# Industry News: Sony will announce the ZV-1 Vlogging compact camera soon



## Canon Rumors Guy (May 20, 2020)

> It looks like Sony is about to announce a dedicated Vlogging compact camera, it will have a 1″ 20.1mp image sensor, will shoot 4K, and is equipped with a 24-70 equivalent lens.
> Below is Sony’s description of the camera:
> The Sony ZV-1 is a 20.1MP digital camera specifically designed for vloggers and content creators. It features a 1.0-type stacked CMOS sensor and super-fast AF for high-quality images and 4K video. The 24-70mm zoom lens is perfect for both portraits and wide-angle shooting. Image stabilization helps to keep your photos and videos blur-free. It has an ergonomic, comfortable grip plus a 3-inch vari-angle LCD screen with a recording lamp, which makes selfie-shooting very easy.
> The ZV-1 is designed around the needs of vloggers and content creators and focusses on intuitive controls for vlog & video creation. The vari-angle screen ensures selfie-shooting is easy enabling you to check your framing while shooting. The grip provides a comfortable and secure way of holding...



Continue reading...


----------



## Mt Spokane Photography (May 20, 2020)

And, they will set a high price so that people will think they are getting some super high resolution camera.

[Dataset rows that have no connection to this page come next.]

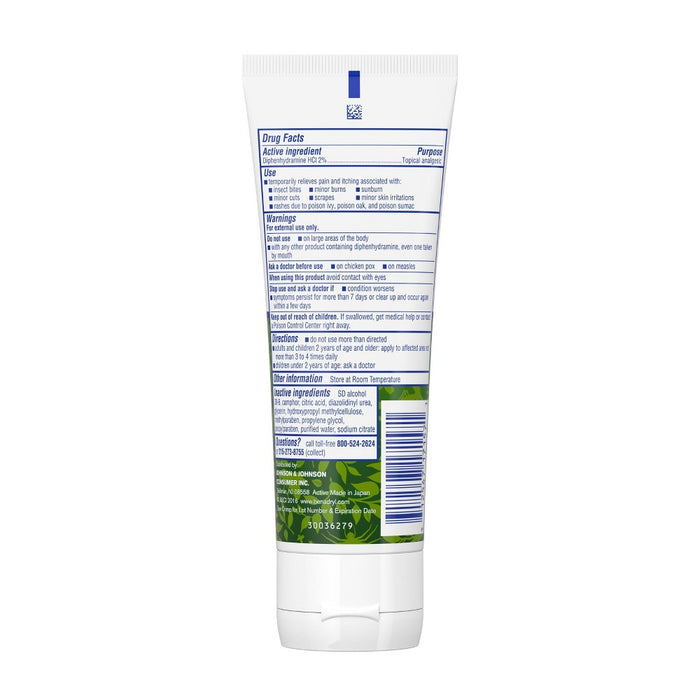 Benadryl Extra Strength Itch Stopping Gel - 3.5 fl oz
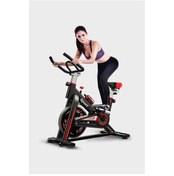 Resim Pratikko Spinning Bike Kondisyon Bisikleti Robo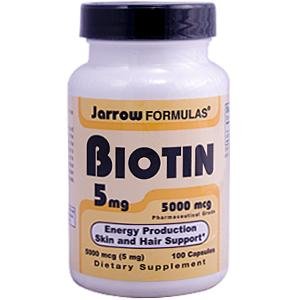 Jarrow Formulas Biotin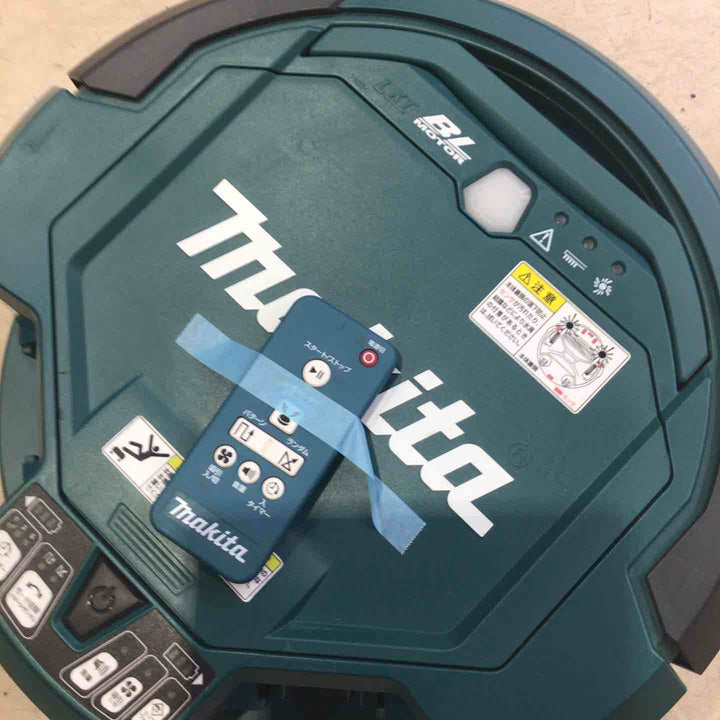 ◇マキタ(makita) ロボットクリーナー RC200DZ 本体のみ【町田店】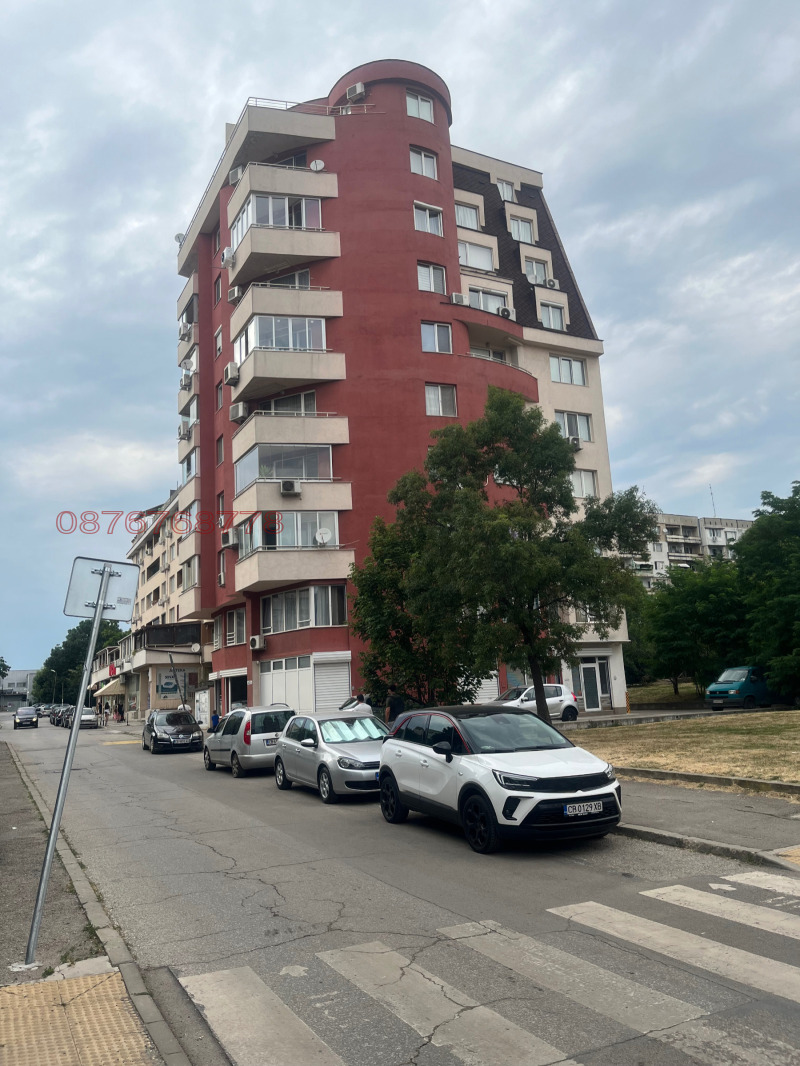 Продава ГАРАЖ, ПАРКОМЯСТО, гр. София, Люлин 6, снимка 4 - Гаражи и паркоместа - 52593677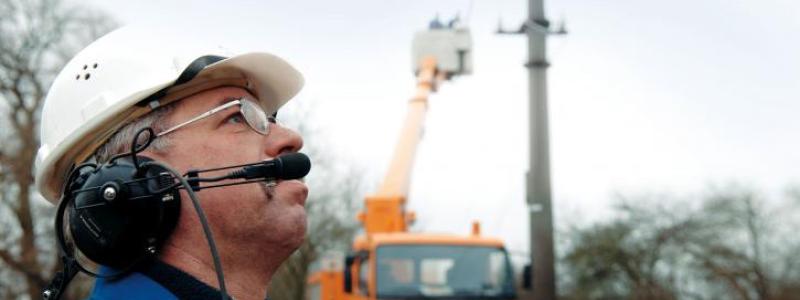 Under tiden väcker den spända situationen i Oranienburgs distributionsnät uppmärksamhet i energibranschen. Bild: SPIE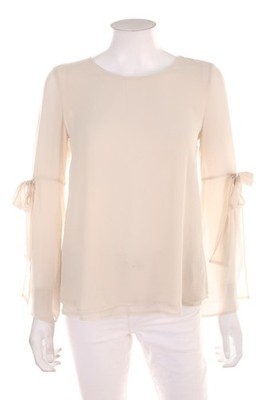 ESPRIT Bluse XS beige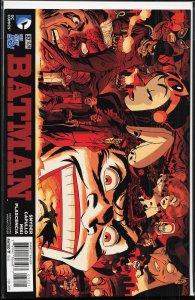 Batman #37 Cooke Cover (2015) Batman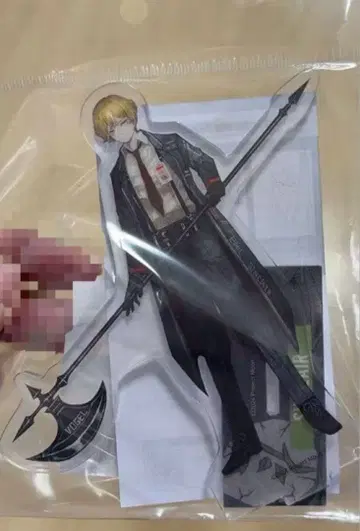 Limbus Company 아크릴 스탠드/SINCLAIR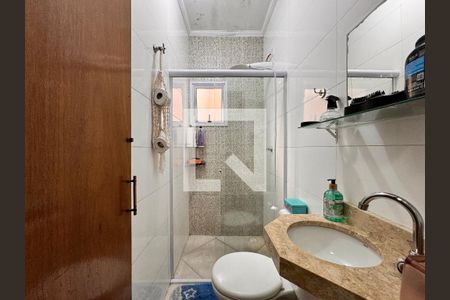 Apartamento para alugar com 140m², 3 quartos e 2 vagasBanheiro Social 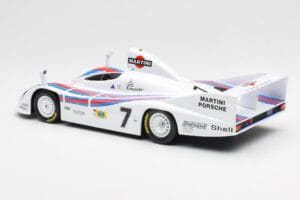 Porsche 936/77 #7 H. Haywood / P. Gregg / R. Joest 3rd Place 24 Hours of Le Mans 1978 Werk83 1:18 W18020003 Metal — billede 5 af 6
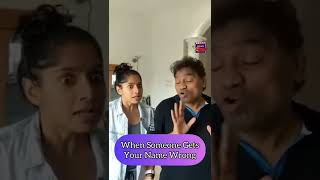 Jamie Lever And Johny Lever talking about the struggle of having a unique name is real ☹️ [upl. by Ytirahc888]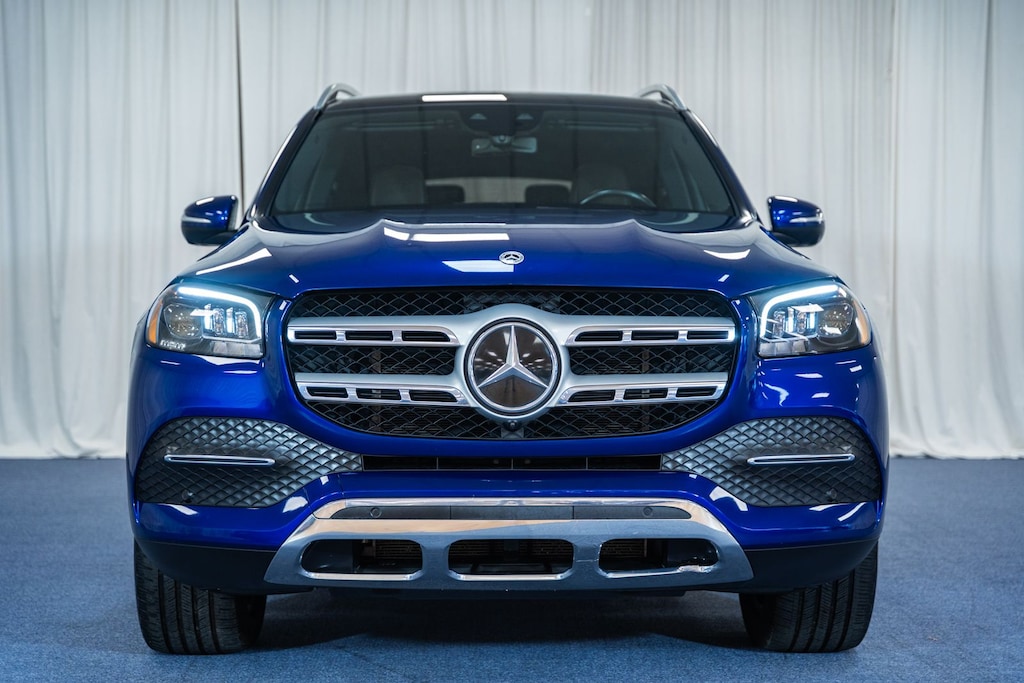 Certified 2021 Mercedes-Benz GLS 450 GLS 450 SUV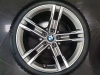 18” Зимен К-т БМВ Джанти M556 Гуми Continental Датчици BMW 1 F40 2 F44 Gran Coupe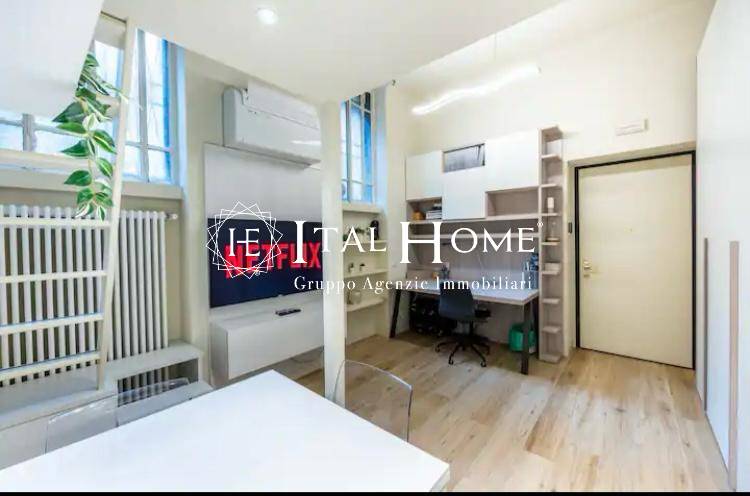 MODERNO LOFT DA INVESTIMENTO IN SEMPIONE!!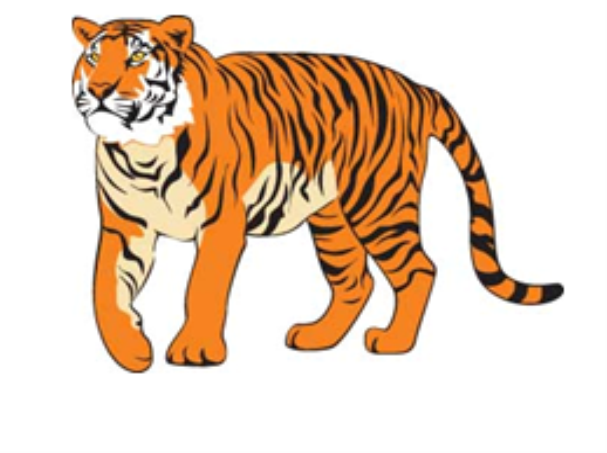 Картинки по запросу малюнок  тигра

Still, its probably all thats needed.


----------



## Quirkz (May 22, 2020)

I find it interesting that they’re throwing a lot of technology specifically against this niche. I wonder how big that market segment actually is?


----------



## koenkooi (May 22, 2020)

Quirkz said:


> I find it interesting that they’re throwing a lot of technology specifically against this niche. I wonder how big that market segment actually is?



I think the better question is: how visible is that segment? If it shows up on highly popular platforms, it will get noticed.


----------



## Quirkz (May 23, 2020)

koenkooi said:


> I think the better question is: how visible is that segment? If it shows up on highly popular platforms, it will get noticed.



I was thinking that, but then what would they say about it? ‘This is the best vlogging camera?’ It’s so specialized that they might use it and love it, but they can’t very well recommend it as a general use camera.


----------



## StoicalEtcher (May 24, 2020)

Quirkz said:


> I was thinking that, but then what would they say about it? ‘This is the best vlogging camera?’ It’s so specialized that they might use it and love it, but they can’t very well recommend it as a general use camera.


You wanna bet?? -You're not mistaking vlogging with any sense of needing to be accurate, are you?


----------



## fisherman (May 26, 2020)

If they can make it water resistant where I can shoot it in the rain, they got my $.


----------



## pmjm (May 28, 2020)

I'm sure it's going to be fine for what it is. Personally, even if I was "only" vlogging, I would want the versatility of interchangeable lenses and full manual control. But for most vloggers, this will be a nice upgrade from the front-facing camera on their smartphone.


----------